**YOUR GOAL**
Your task is to retype, exactly and without pictures, the line holding "Apricot Snapdragon Flower Seeds - Apricot" and each line that follows it to the end of the entries.

"""

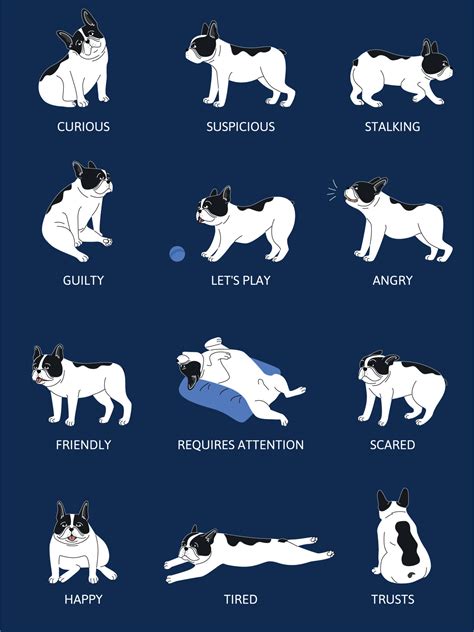 Dogs Emotions Body Language Set 7681888 Vector Art at Vecteezy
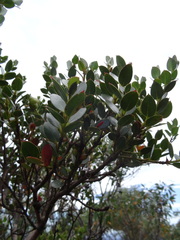 Eucalyptus vernicosa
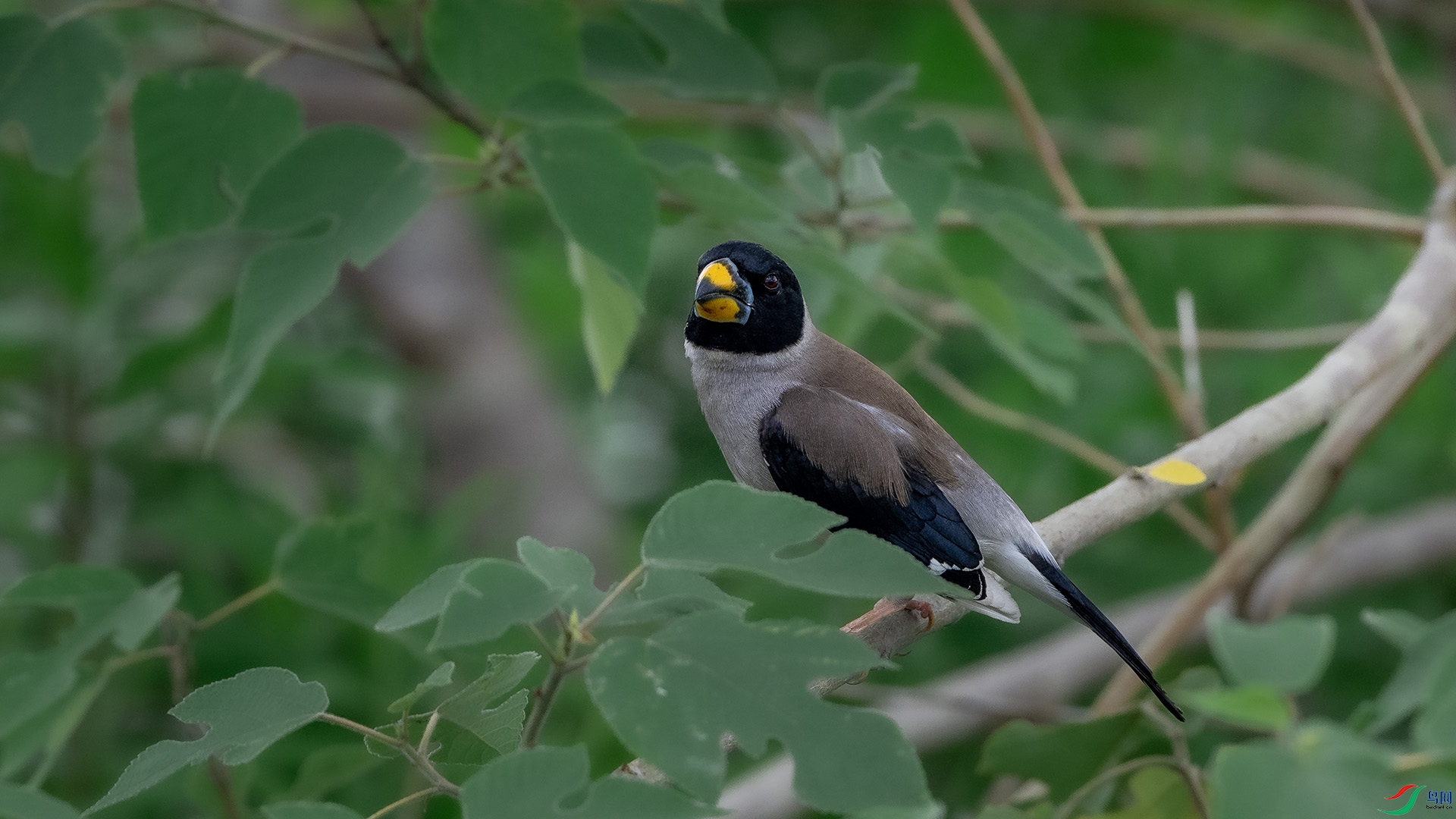 DSC_8094 ����.jpg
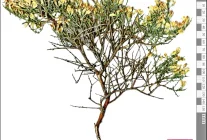 Toroslar'da yeni bitki türü keşfi; adı 'Ermenek borcağı' oldu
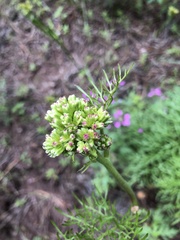 Psacalium decompositum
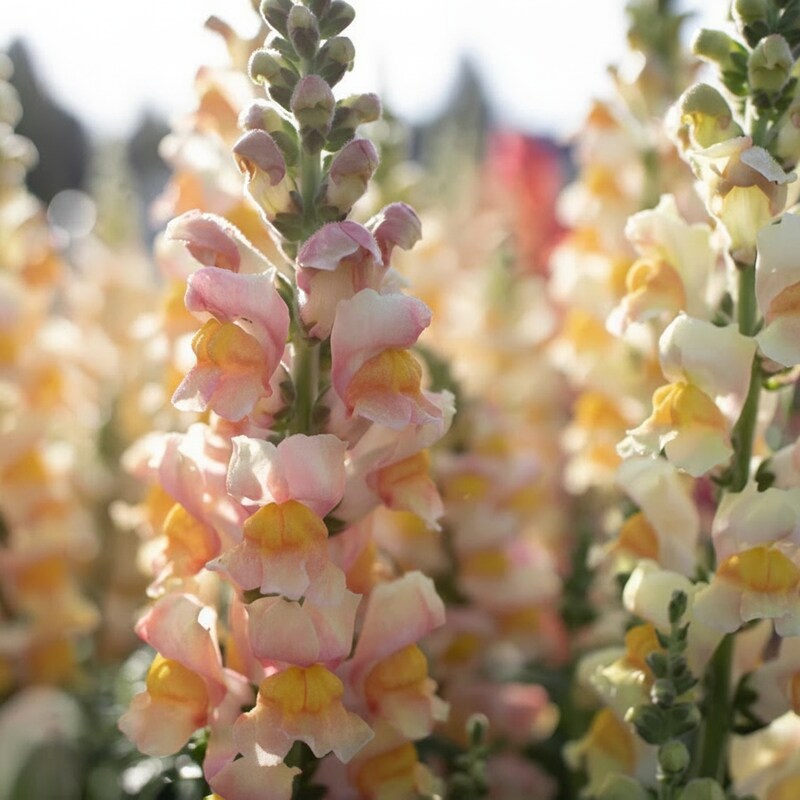 Apricot Snapdragon Flower Seeds - Apricot Snapdragon Flower Seeds for Garden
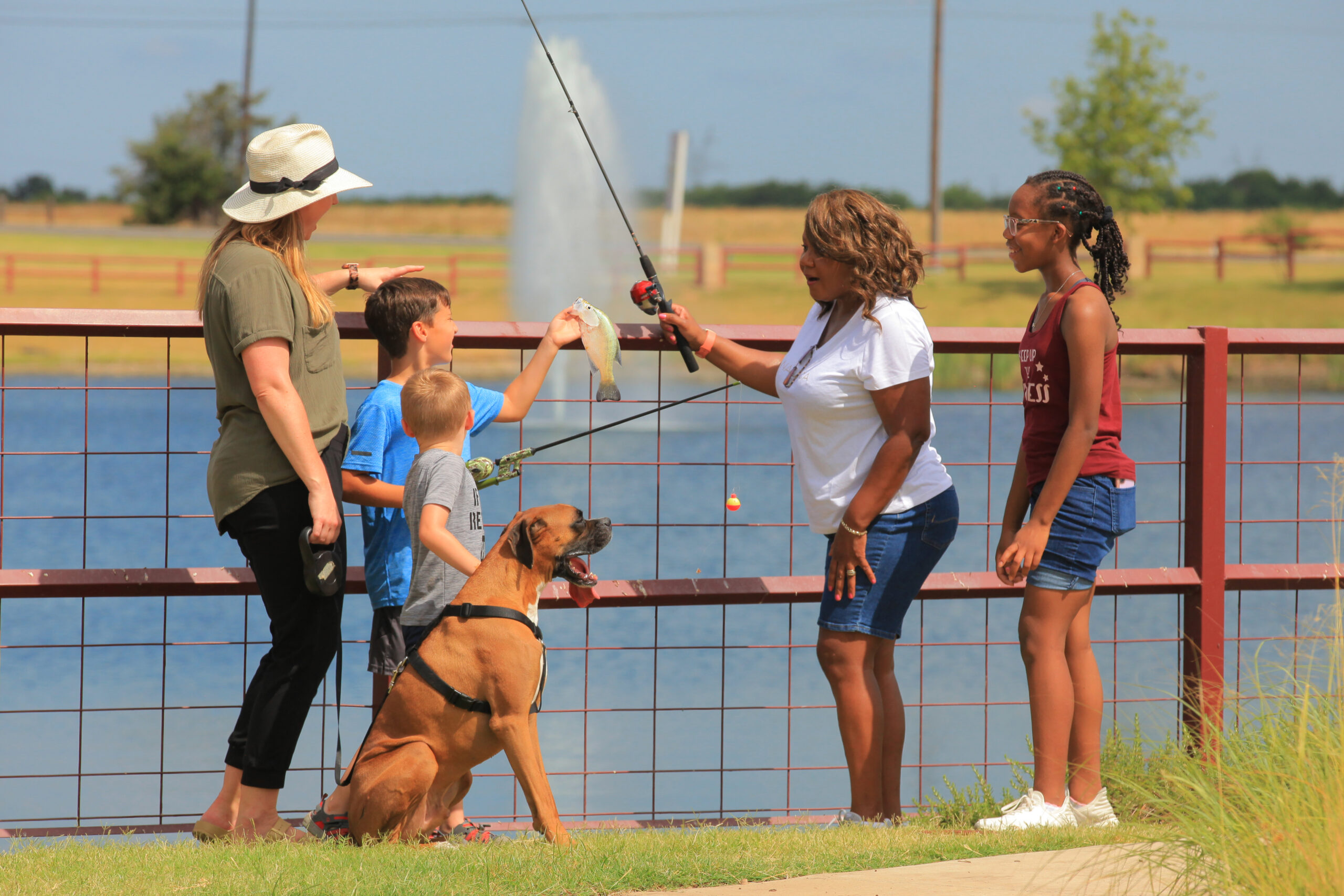 National Dog Day 2024 in DFW: Top Dog-Friendly Activities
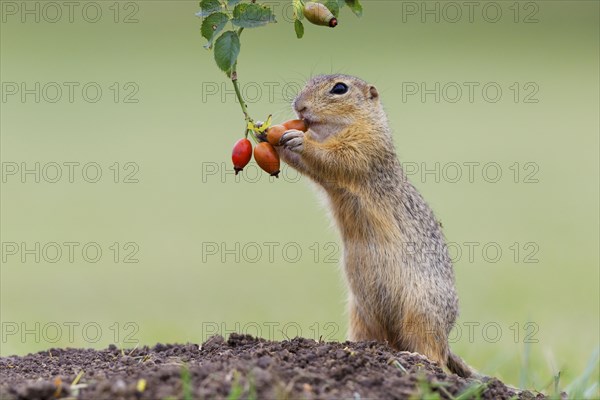 European ground squirrel (Spermophilus citellus) upright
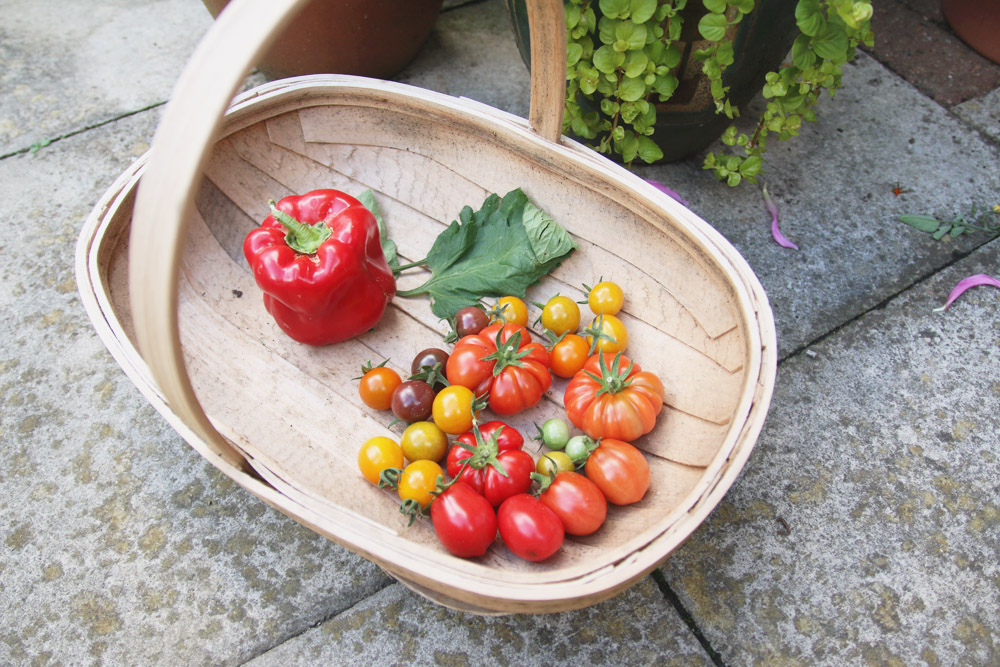 Vegetable Garden - Tomato & Pepper Harvest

"""

**YOUR SOLUTION**
 Apricot Snapdragon Flower Seeds - Apricot Snapdragon Flower Seeds for Garden
 National Dog Day 2024 in DFW: Top Dog-Friendly Activities
 European ground squirrel (Spermophilus citellus) upright
 Vegetable Garden - Tomato & Pepper Harvest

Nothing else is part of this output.